Looking Back - The Inagua National Park

A Conservation Success Story
08
Aug

Looking Back – The Inagua National Park: A Conservation Success Story

Inagua National Park, on the island of Inagua, covers 287 square miles ( almost half of the island ) of Great Inagua. Bird life dominates the park, and the flamingos, the national bird of The Bahamas, is the star of the show.  The park is home to over 50,000 West Indian Flamingos, one of the largest breeding colonies in this hemisphere. After 60 years the birds are back from the edge of extinction.

Inagua Flamingos – mass feeding

In 1905, at the first annual meeting of the National Audubon Society, a plea was made to The Bahamas government for the establishment of legal protection for the flamingo.  Almost immediately the Wild Birds Protection Act was passed.   In 1922, The Bahamas set aside a flamingo reserve on Andros Island and Audubon sent a patrol boat to help the wardens patrol the reserve.

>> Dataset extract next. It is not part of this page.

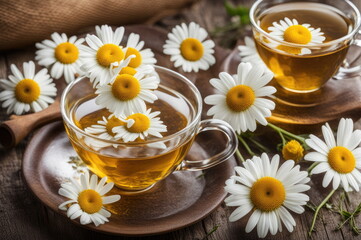 Chamomile Herbal Tea in Glass Cups with Fresh Daisy Flowers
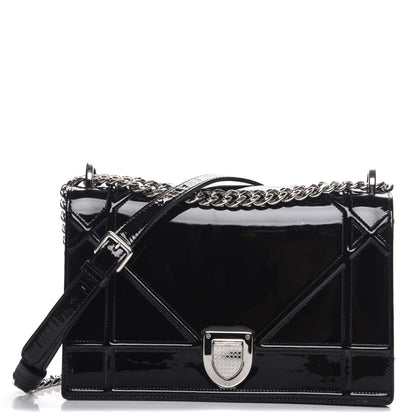Christian Dior Patent Medium Diorama Flap Bag Black 1 of 9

Flamingos continued to nest in Andros until World War II when Royal Air Force pilots buzzed the bird colonies for fun.

 

Flamingos were not only hunted for food, but also for their exquisite plumage.  Indiscriminate hunting led to the disappearance of the flamingo in Florida Bay- last seen there in 1903.

Robert Porter Allen

By the 1950s, a close working relationship had been established between the National Audubon Society and The Bahamas.  Concerned with the sudden decline of the flamingo population during the early years of that decade. Audubon sent Robert Porter Allen, its Research Director, to investigate the situation.  All of the places where flamingos were rumored to nest in the Caribbean – Cuba, Haiti, and the Dominican Republic- were searched.  Owing to pressure from an expanding human population, fifteen colonies had been abandoned in the Caribbean over a period of 35 years.  However, stories persisted about a great colony in the inhospitable wilds of Great Inagua.

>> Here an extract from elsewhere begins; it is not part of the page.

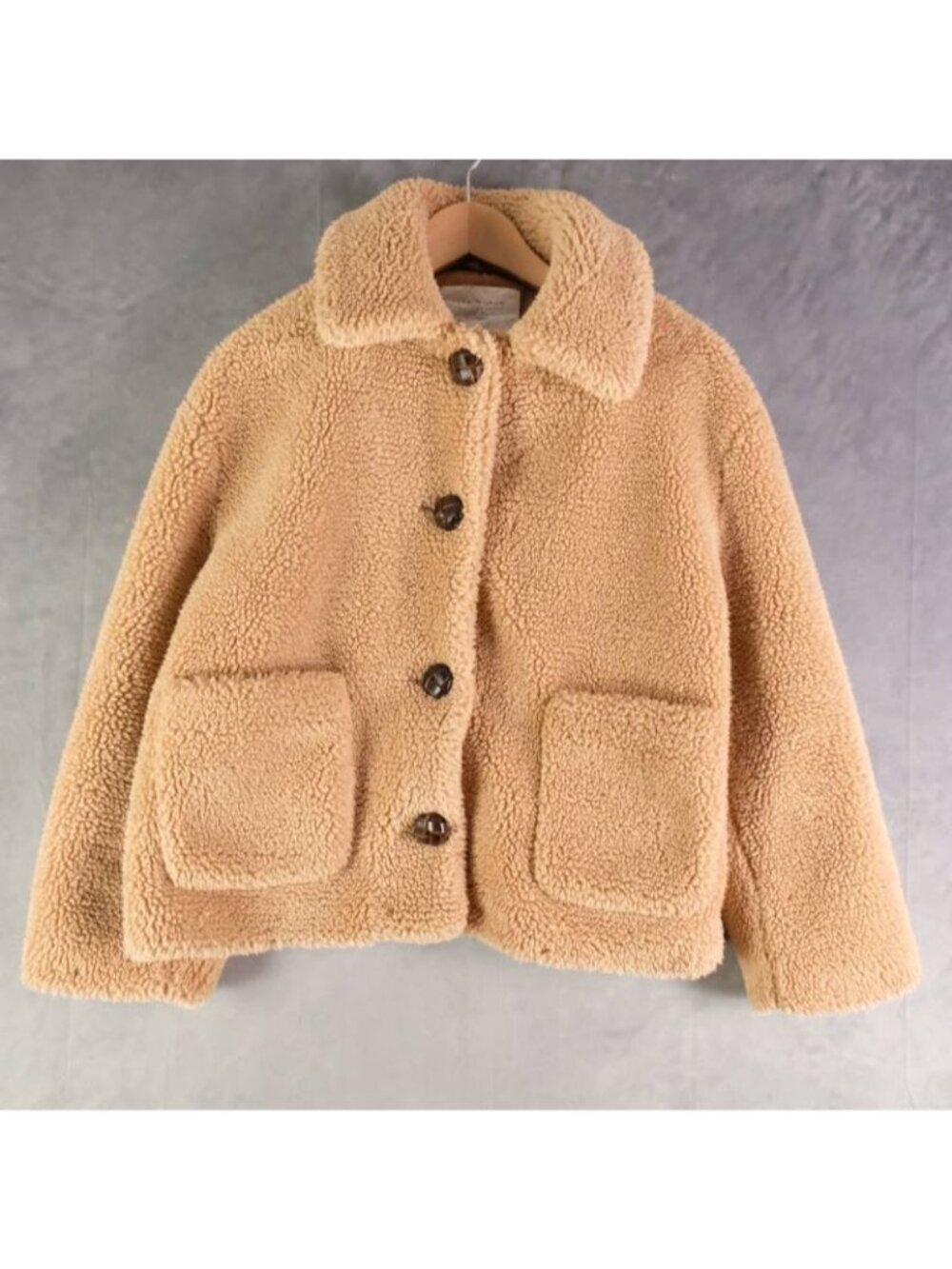 Zara Jacket Womens Small Camel Solid Teddy Bear Jacket Deep Pile Fleece Button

Together, Bob Allen and Sam Nixon, a local hunter, found more than a thousand flamingos “commulating”.  The birds massed in a riotous courtship ritual of head turning, wing flicking and exaggerated strutting- “the Flamingo Quadrille”.  Bob Allen had found the population that might one day replenish the long-abandoned colonies elsewhere in the Caribbean. The Society for the Protection of the Flamingo in The Bahamas was formed by American and Bahamian Conservationists.  Sam Nixon became the first flamingo warden on Great Inagua, with the National Audubon Society providing funding for his salary and equipment. On a subsequent trip in 1956,  Bob Allen wrote a monograph that is the basis of much of our knowledge of the “Caribbean” flamingo’s natural history.  By an odd twist of fate, it is not direct human persecution that is the major threat to Great Inagua’s flamingos but the marauding wild pigs that were introduced by early settlers.  These “wild hogs” feed on the birds eggs and young. Constant vigilance and regular monitoring by the wardens have done much to neutralize the threat.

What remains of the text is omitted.